Disciples, Not Converts

I was reading through and old classic by Dawson E. Trotman, Born to Reproduce. Here is a selection from it that I found again especially challenging:

“You can lead a soul to Christ in twenty minutes to a couple of hours. But it takes from twenty weeks to a couple of years to get him on the road to maturity, victorious over the sins and the recurring problems that come along. He must learn how to make right decisions. He must be warned of the various “isms” that are likely to reach out with their octopus arms and pull him in and sidetrack him. 

But when you get yourself a man, you have doubled your ministry — in fact, you have more than doubled your ministry. Do you know why? When you teach your man, he sees how it is done and he imitates you. 

If I were the minister of a church and had deacons or elders to pass the plate and choir members to sing, I would say, “Thank God for your help. We need you.

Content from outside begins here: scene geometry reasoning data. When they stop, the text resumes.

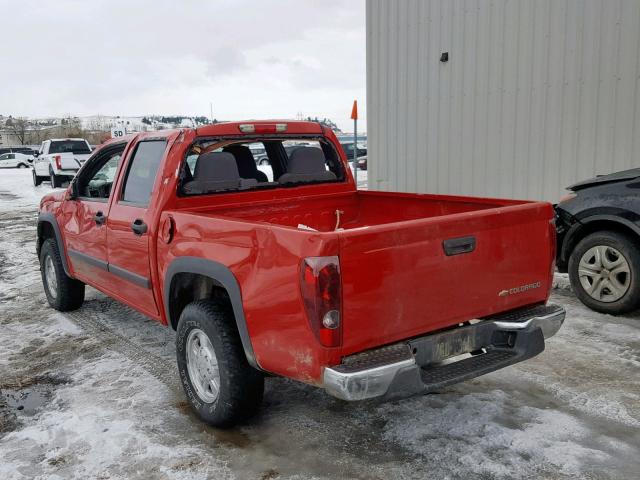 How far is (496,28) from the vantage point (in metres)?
8.56

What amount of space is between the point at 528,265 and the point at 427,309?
81cm

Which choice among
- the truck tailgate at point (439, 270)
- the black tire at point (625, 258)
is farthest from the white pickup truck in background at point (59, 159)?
the truck tailgate at point (439, 270)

Praise the Lord for these extra things that you do,” but I would keep pressing home the big job — “Be fruitful and multiply.” 

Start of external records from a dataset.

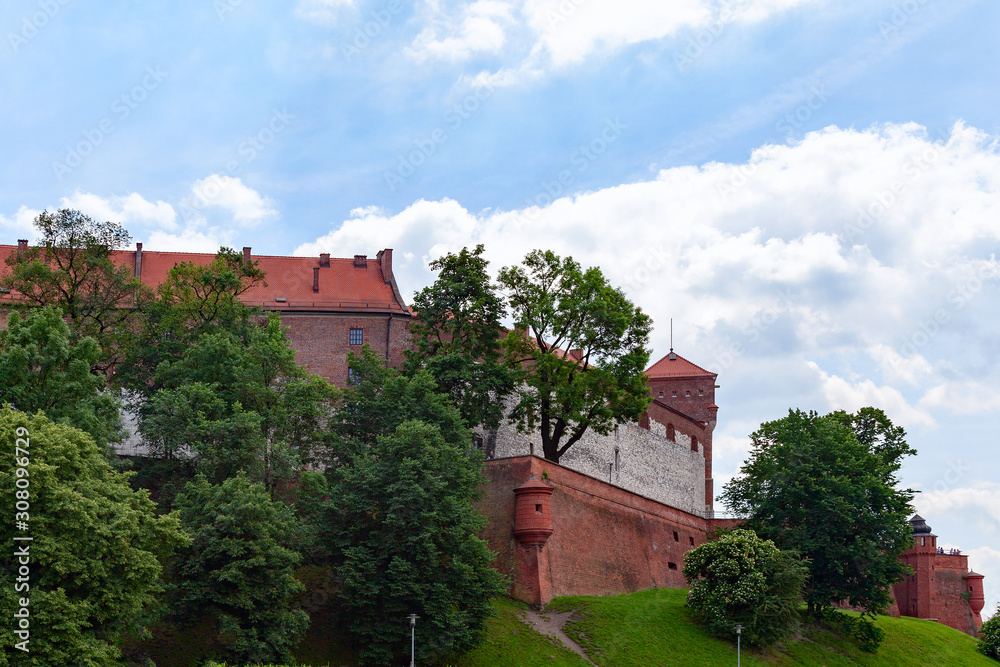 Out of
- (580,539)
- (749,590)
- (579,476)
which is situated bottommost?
(749,590)

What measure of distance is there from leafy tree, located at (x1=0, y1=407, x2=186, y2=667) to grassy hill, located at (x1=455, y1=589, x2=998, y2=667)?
1109 centimetres

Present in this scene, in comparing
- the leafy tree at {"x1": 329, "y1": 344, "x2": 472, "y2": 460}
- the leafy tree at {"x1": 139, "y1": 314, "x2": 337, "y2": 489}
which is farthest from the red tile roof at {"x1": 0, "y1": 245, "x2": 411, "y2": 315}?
the leafy tree at {"x1": 329, "y1": 344, "x2": 472, "y2": 460}

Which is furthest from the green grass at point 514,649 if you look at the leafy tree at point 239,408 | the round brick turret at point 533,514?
the leafy tree at point 239,408

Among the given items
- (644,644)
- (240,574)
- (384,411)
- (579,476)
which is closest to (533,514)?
(579,476)

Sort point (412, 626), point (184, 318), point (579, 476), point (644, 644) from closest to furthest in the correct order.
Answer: point (412, 626), point (644, 644), point (184, 318), point (579, 476)

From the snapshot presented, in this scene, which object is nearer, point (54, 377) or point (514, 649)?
point (54, 377)

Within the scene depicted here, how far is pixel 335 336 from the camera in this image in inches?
2048

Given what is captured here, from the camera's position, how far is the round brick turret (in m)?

All these other things are incidental to the supreme task of winning a man or woman to Jesus Christ and then helping him or her to go on. 

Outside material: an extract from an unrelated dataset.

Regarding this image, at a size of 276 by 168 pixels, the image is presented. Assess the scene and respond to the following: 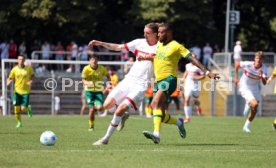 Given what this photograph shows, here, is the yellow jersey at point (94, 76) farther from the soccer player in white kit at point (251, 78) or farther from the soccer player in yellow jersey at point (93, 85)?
the soccer player in white kit at point (251, 78)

Where is your man? Where is your woman? 

Do you have one? You can ask God for one. Search your hearts. Ask the Lord, “Am I spiritually sterile? 

If I am, why am I?”

Dawson’s statement also reminded me of this statement by John Wesley, the founder of Methodism:

“I was more convinced than ever that the preaching like an apostle, without joining together those that are awakened and training them up in the ways of God, is only begetting children for the murderer… The consequence of our years of evangelism here is that nine in ten of the once awakened are now faster asleep than ever.”

Challenging words. May God empower us not merely to be about the business of gathering people into an audience, but to the harder work of discipling them into fully devoted followers of Christ! In my view, one discipled believer has greater impact on the world than 10 people who make a merely superficial commitment to Jesus.

The way we say it around the Summit Church is, “We’re after disciples, not converts.”